1960年代のモデルで、メモボックス専用のハーフローター式自動巻きの最終型、『Cal.825』を搭載しています。
『Cal.825』は初出1959年頃で、Cal.815にカレンダー表示を追加したメモボックス専用ムーブメントです。
ハーフローター式ですので、ローターがバンパーに当たる際に『コツン』という独特の感触があります。
特徴的なアラーム機能は、ハンマーが左右に動き、ケースまたは裏蓋に立てられたピンを叩くことにより、『ジージー』という音を発します。
この時、ローターがピンに接触しないよう、ローターの根本には曲線状の穴があけられているのがムーブメント外観の特徴です。
ケースの材質はステンレススチールで、リング付きのスクリューバック仕様です。
主ゼンマイ用、アラームゼンマイ用の二つのリューズが付く、特徴的な外観を持ちます。
2時の位置にアラーム専用のリューズがあり、押し込んだ位置でアラーム専用のゼンマイの巻き上げができます。
リューズを一段引き出して左に回転させると、文字盤内側の回転ディスクが左に回り、アラームの時刻合わせができます。
△印を設定したい時間の位置に合わせて、リューズを押し込めばアラームセット完了です。
これはルクルトだけが採用している機構で、他のメーカーはリューズを引き出した時にアラームがセットされた状態になりますが、リューズが何かのはずみで戻ってしまうとアラームが作動しないため気を遣います。

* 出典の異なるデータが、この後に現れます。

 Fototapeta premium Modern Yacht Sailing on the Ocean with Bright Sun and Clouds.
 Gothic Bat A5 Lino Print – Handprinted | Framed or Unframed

一方、ルクルトの方式はリューズ押し込み状態でアラームセットですので、わかりやすく扱いやすいです。
こちらは当店でオーバーホールと外装仕上げ済みで、すぐにご使用頂けます。
日差は平置きで+18秒で、精度良好です。
使用環境によって誤差が生じますので、参考値としてお考えください。
文字盤は古くにリダンされたもので、経年の焼け・汚れがあります。
リューズは2つともJLロゴ入りの純正です。
年代物の機械式アラーム付き腕時計は、頻繁な使用で部品の劣化を招く場合がありますので、取扱いはやさしく丁寧にお願いいたします。
半世紀前のモデルですので、非防水でお使いください。